Creating IoT Devices You Can Control With Your Smartphone or Tablet

I'm currently performing my Happy Dance (stop laughing, it's not my fault I caper and cavort this way) because the Simblee by RF Digital officially launched this morning.

Just to set the scene, let's remind ourselves that, a few years ago, the folks at RF Digital created a fingertip-sized, wireless-enabled, Arduino-compatible microcontroller called the RFduino.


(Source: RF Digital)

The RFdunio is supported by an ecosystem of plug-in shields, including Switch/LED, Relay, Servo, microSD, USB, Prototyping, and Power/Battery shields (all of these shields also work with the Simblee breakout boards discussed below).
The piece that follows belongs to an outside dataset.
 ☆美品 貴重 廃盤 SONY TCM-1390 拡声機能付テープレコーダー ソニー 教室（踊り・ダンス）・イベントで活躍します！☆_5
Now we have the Simblee module, which is 10mm x 7mm x 2mm in size, and which contains two main functions: A 32-bit ARM Cortex-M0 processor (with 128KB of Flash and 24KB of RAM running at 16MHz) and a Bluetooth Smart engine.


(Source: RF Digital)

If you are creating commercial or industrial products from the ground up, then you will almost certainly decide to mount Simblee modules directly on your circuit boards. By comparison, when it comes to prototyping or hobbyist applications, you may find it more advantageous to use one of the Simblee breakout boards. There are currently two such boards; one offers seven GPIO (general-purpose input/output) pins while the other provides 29 GPIOs.


(Source: Max Maxfield/Embedded.com)

Each of these breakout boards has a Simblee module (shown in the upper-right-hand corners of the boards in the photograph above) along with 0.1″ pitch headers on top for connecting shields, and 0.1″ pitch pins on the bottom for plugging into breadboards or soldering to printed circuit boards.


(Source: Max Maxfield/Embedded.com)

One point that may be confusing at first is that the 29-GPIO board appears to boast 31 GPIOs numbered 0 through 30. Closer examination, however, reveals that GPIOs 26 and 27 are not exposed (they are used internally), and are therefore not available to the end user.

Now, I love Arduinos — I use them for all sorts of things, but I have to say that it can be a bit of pain remembering which pins can act as digital inputs and outputs, which can act as analog inputs, which can act as pseudo-analog (PWM) outputs, which are dedicated to acting as a UART, which can be used as an SPI bus, which can be used as an I2C bus, and so on and so forth.

In the case of the Simblee, GPIOs 1 through 6 can act as analog inputs, and all of the GPIOs can act as digital inputs and outputs or pseudo-analog (PWM) outputs. Furthermore, any of the GPIOs can be configured to act as UART, SPI, or I2C signals. Suddenly, my life just got a whole lot easier.

Creating User Interfaces for Smartphones and Tablets
A Simblee module or breakout board can be programmed using the Arduino IDE and used as a standalone microcontroller. In this case, the Simblee can be visualized as being “Just another flavor of Arduino with a different footprint or form factor.”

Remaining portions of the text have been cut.